Every line in the records below between the one holding "Vermont Furniture Designs" and the one holding "Fototapeta na wymiar", inclusive, is to be set down exactly; all other lines are to be left out.

> _Information provided_:
#####
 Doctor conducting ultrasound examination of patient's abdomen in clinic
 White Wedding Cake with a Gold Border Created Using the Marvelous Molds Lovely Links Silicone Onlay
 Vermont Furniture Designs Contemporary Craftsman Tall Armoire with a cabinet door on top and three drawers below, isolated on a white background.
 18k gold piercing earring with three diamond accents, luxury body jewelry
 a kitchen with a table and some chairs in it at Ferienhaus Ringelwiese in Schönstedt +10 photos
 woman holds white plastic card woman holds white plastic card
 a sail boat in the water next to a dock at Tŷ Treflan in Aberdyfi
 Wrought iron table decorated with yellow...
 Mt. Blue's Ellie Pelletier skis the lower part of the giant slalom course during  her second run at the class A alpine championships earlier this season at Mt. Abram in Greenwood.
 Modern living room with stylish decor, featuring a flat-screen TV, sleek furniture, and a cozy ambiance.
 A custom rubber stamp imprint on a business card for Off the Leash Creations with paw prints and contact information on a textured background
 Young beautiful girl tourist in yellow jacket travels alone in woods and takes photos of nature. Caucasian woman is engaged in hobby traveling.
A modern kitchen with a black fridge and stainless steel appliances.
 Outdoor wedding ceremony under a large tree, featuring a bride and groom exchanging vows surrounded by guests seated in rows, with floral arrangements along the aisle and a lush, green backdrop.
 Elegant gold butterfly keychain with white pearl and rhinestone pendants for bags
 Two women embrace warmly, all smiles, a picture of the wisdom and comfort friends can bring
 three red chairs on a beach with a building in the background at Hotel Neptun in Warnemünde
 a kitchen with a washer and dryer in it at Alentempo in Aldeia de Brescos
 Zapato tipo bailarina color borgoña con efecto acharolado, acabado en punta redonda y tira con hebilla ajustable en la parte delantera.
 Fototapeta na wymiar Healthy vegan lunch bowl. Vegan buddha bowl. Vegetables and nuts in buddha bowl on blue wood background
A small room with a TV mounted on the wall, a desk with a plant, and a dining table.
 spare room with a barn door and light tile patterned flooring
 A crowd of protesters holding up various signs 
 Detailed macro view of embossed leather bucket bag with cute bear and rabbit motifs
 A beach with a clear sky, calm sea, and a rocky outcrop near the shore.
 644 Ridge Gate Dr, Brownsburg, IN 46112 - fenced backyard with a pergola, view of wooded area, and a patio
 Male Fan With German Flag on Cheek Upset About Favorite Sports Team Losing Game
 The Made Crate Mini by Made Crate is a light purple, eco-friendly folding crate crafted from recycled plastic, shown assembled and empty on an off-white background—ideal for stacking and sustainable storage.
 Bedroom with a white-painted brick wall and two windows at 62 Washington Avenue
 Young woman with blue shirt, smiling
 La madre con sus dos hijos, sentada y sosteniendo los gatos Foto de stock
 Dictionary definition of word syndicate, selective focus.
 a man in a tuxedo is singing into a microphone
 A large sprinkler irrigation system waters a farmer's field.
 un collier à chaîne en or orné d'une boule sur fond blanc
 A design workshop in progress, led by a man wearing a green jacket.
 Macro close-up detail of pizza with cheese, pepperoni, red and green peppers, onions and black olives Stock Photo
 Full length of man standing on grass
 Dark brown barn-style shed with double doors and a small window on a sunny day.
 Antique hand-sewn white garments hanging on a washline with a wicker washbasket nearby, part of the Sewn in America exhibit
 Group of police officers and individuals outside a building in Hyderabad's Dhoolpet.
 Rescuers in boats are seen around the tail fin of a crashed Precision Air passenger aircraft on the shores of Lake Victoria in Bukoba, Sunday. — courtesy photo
#####
> _Exercise solution_:
 Vermont Furniture Designs Contemporary Craftsman Tall Armoire with a cabinet door on top and three drawers below, isolated on a white background.
 18k gold piercing earring with three diamond accents, luxury body jewelry
 a kitchen with a table and some chairs in it at Ferienhaus Ringelwiese in Schönstedt +10 photos
 woman holds white plastic card woman holds white plastic card
 a sail boat in the water next to a dock at Tŷ Treflan in Aberdyfi
 Wrought iron table decorated with yellow...
 Mt. Blue's Ellie Pelletier skis the lower part of the giant slalom course during  her second run at the class A alpine championships earlier this season at Mt. Abram in Greenwood.
 Modern living room with stylish decor, featuring a flat-screen TV, sleek furniture, and a cozy ambiance.
 A custom rubber stamp imprint on a business card for Off the Leash Creations with paw prints and contact information on a textured background
 Young beautiful girl tourist in yellow jacket travels alone in woods and takes photos of nature. Caucasian woman is engaged in hobby traveling.
A modern kitchen with a black fridge and stainless steel appliances.
 Outdoor wedding ceremony under a large tree, featuring a bride and groom exchanging vows surrounded by guests seated in rows, with floral arrangements along the aisle and a lush, green backdrop.
 Elegant gold butterfly keychain with white pearl and rhinestone pendants for bags
 Two women embrace warmly, all smiles, a picture of the wisdom and comfort friends can bring
 three red chairs on a beach with a building in the background at Hotel Neptun in Warnemünde
 a kitchen with a washer and dryer in it at Alentempo in Aldeia de Brescos
 Zapato tipo bailarina color borgoña con efecto acharolado, acabado en punta redonda y tira con hebilla ajustable en la parte delantera.
 Fototapeta na wymiar Healthy vegan lunch bowl. Vegan buddha bowl. Vegetables and nuts in buddha bowl on blue wood background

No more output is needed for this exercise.